By Deborah Borfitz
February 14, 2019 | Mayo researchers have significantly improved their predictive Recurrence of Kidney Stone (ROKS) tool by making it applicable to patients who have already had two or more attacks. The revised model, developed by a new study published in Mayo Clinic Proceedings, uses 13 readily available clinical characteristics of stone formers.
“Some of the risks we identified were known and others not,” says study co-author John Lieske, M.D., director of the Mayo Clinic’s O'Brien Urology Research Center. “But this Is the first time they have been combined into a single tool/questionnaire that gives a quantitative estimate specific for a given patient.”
Newly discovered are that higher body mass index and pregnancy at the last episode predict kidney stone recurrence. More granular radiographic predictors in the revised RKS tool include “any lower pole or pelvic kidney stone, number of kidney stones, and diameter of the largest kidney stone,” according to the published study.
One of the key findings is that the number of past episodes increases the risk of future ones up until the fourth or fifth kidney stone recurrence, possibly because stone formers learn to “self-manage … without clinical care,” the study says. “Prevention interventions were themselves a marker of recurrence,” the authors wrote.
The ROKS tool predicts the likelihood of a subsequent, symptomatic stone attack “in the next two, five or 10 years,” says Lieske. “This in turn can help the patient and caregiver decide how aggressive they want to be with diet changes and drugs.”

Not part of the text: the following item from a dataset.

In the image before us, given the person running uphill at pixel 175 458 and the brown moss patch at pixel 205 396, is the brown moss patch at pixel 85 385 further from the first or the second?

Since the tool is available as an online app, anyone could theoretically use it, adds Lieske, although “not all patients would be able to do it themselves.” The tool could also be used “to help power a study and select patients more likely to have a recurrence to enroll in a clinical trial.”
The study looked at a random sample of symptomatic kidney stone formers in Olmsted County, Minnesota, who were followed for all symptomatic stone episodes resulting in clinical care between January 1984 and January 2017. The data were obtained from the Rochester Epidemiology Project that provides access to medical records from most medical institutions in the county.